DATA >>

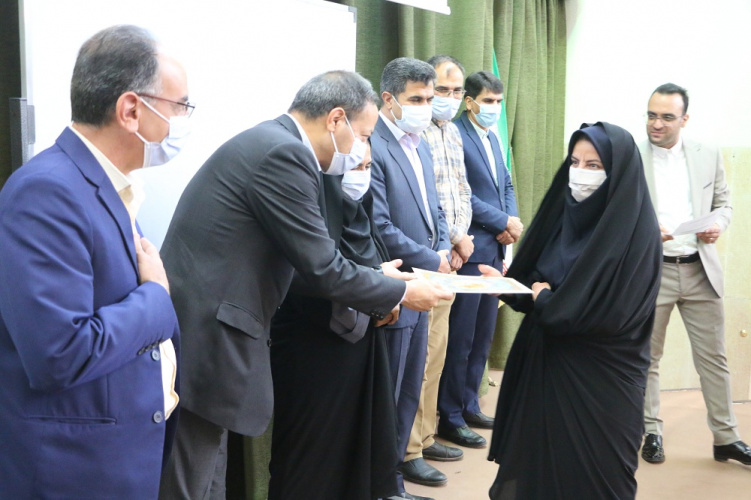 مراسم تقدیر از بهورزان به مناسبت روز بهورز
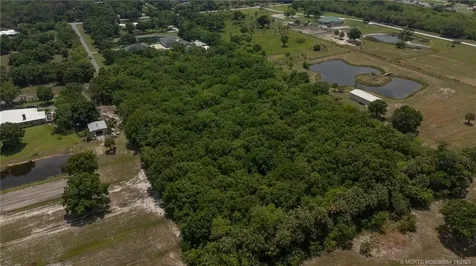 5055 69th Court Vero Beach FL 32967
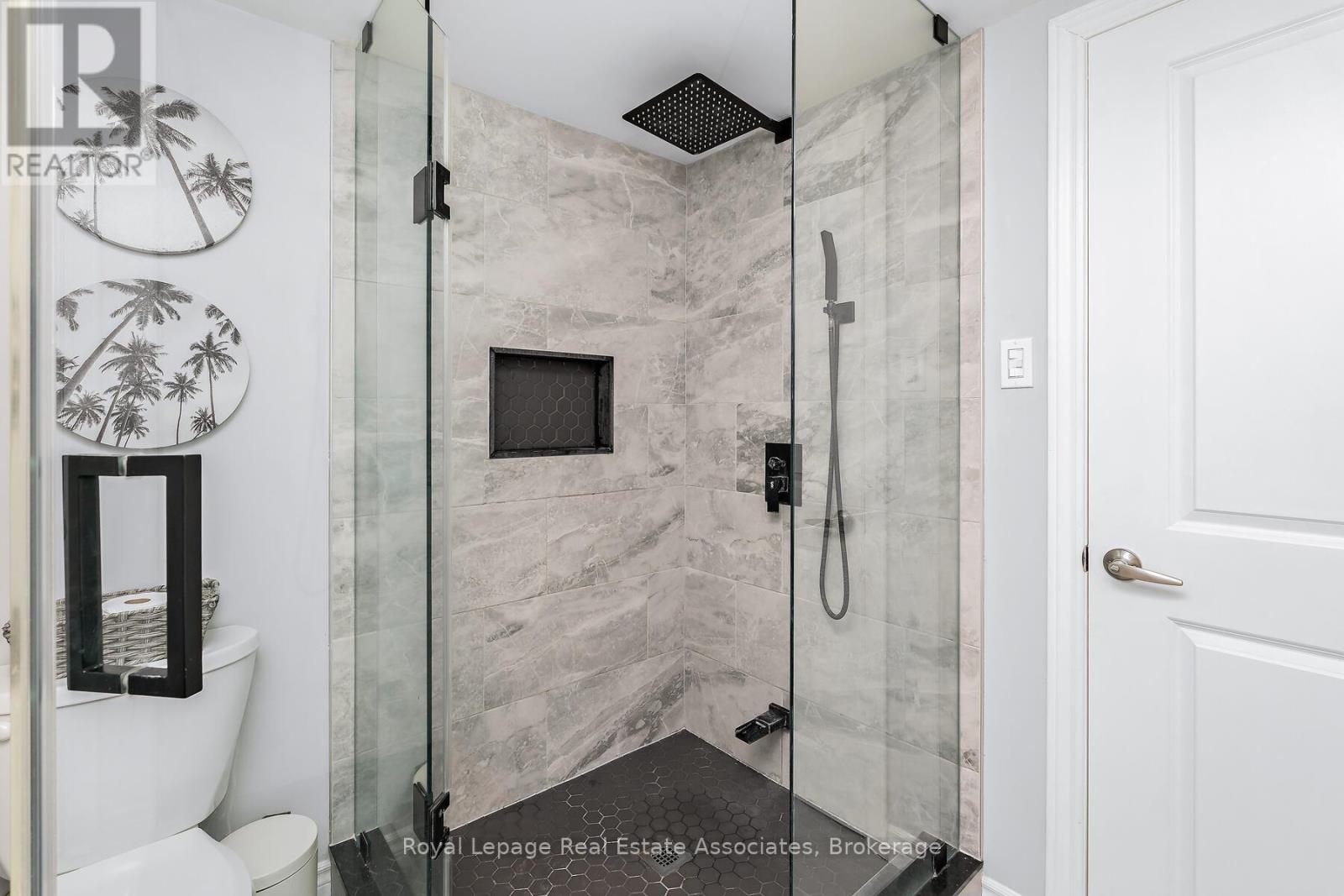 19 Stewart Maclaren Road, Halton Hills, Ontario  L7G 5L8 - Photo 29 - W12846396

TASK INSTRUCTIONS >> Pictures stay out; everything else in the listing above gets repeated exactly.

REPLY >>
 مراسم تقدیر از بهورزان به مناسبت روز بهورز
 5055 69th Court Vero Beach FL 32967
 19 Stewart Maclaren Road, Halton Hills, Ontario  L7G 5L8 - Photo 29 - W12846396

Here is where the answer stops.